● **TRY IT**
Retype every record exactly. Skip the images.

- - - - - - -

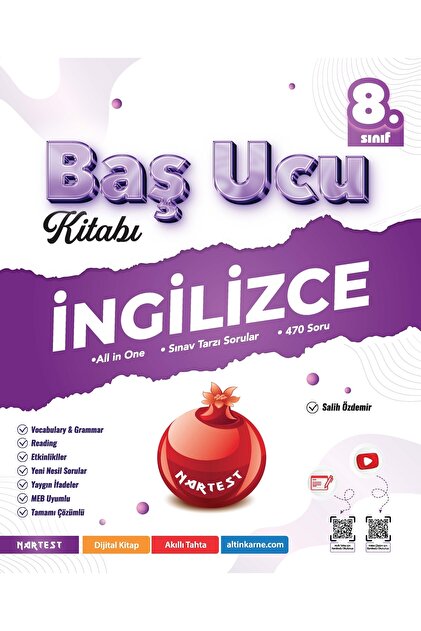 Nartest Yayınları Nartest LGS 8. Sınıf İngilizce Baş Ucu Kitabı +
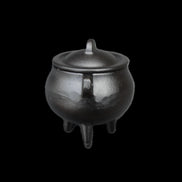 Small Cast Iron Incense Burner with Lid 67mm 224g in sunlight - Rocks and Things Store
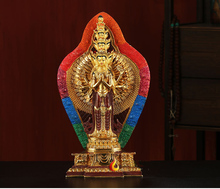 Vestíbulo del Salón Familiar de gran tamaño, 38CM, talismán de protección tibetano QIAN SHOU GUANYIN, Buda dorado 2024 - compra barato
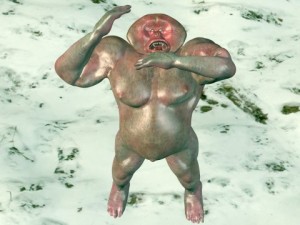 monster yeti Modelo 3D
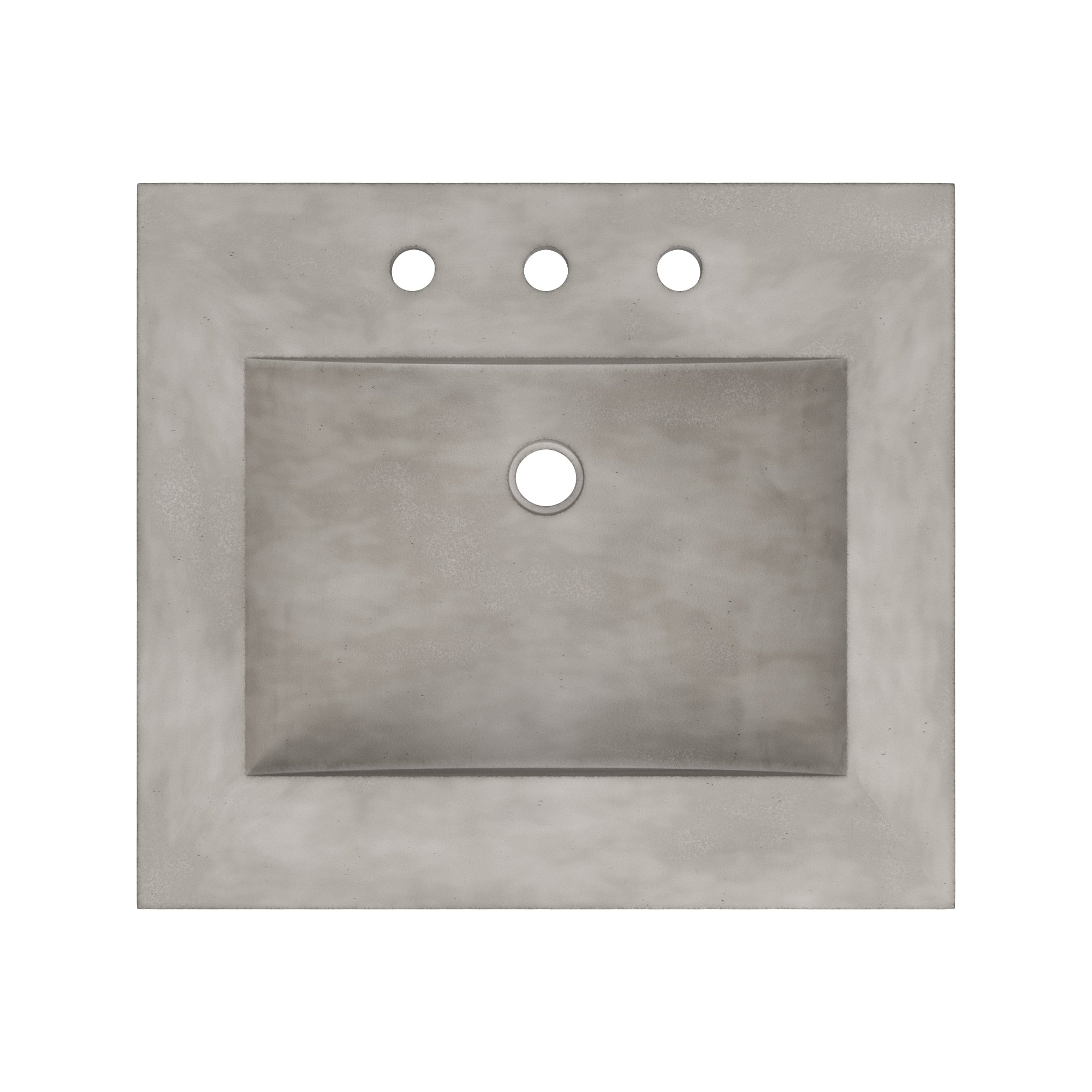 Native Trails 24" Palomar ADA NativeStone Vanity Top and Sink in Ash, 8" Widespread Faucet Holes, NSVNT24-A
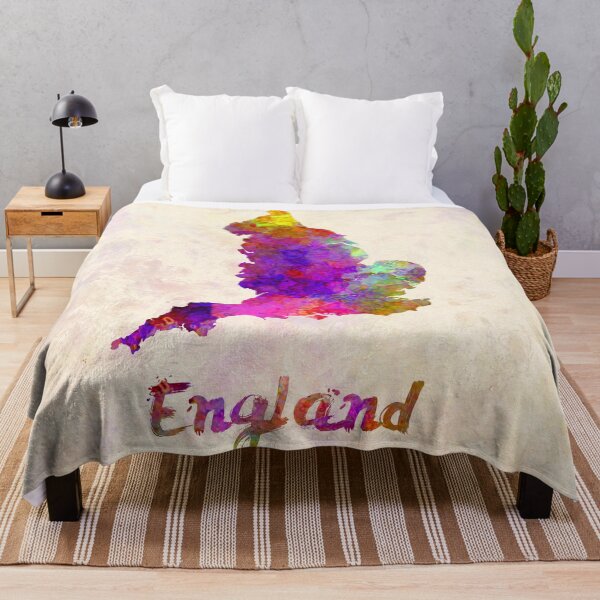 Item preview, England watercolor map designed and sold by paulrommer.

- - - - - - -

● **THE ANSWER**
 Nartest Yayınları Nartest LGS 8. Sınıf İngilizce Baş Ucu Kitabı +
 Small Cast Iron Incense Burner with Lid 67mm 224g in sunlight - Rocks and Things Store
 Vestíbulo del Salón Familiar de gran tamaño, 38CM, talismán de protección tibetano QIAN SHOU GUANYIN, Buda dorado 2024 - compra barato
 monster yeti Modelo 3D
 Native Trails 24" Palomar ADA NativeStone Vanity Top and Sink in Ash, 8" Widespread Faucet Holes, NSVNT24-A
 Item preview, England watercolor map designed and sold by paulrommer.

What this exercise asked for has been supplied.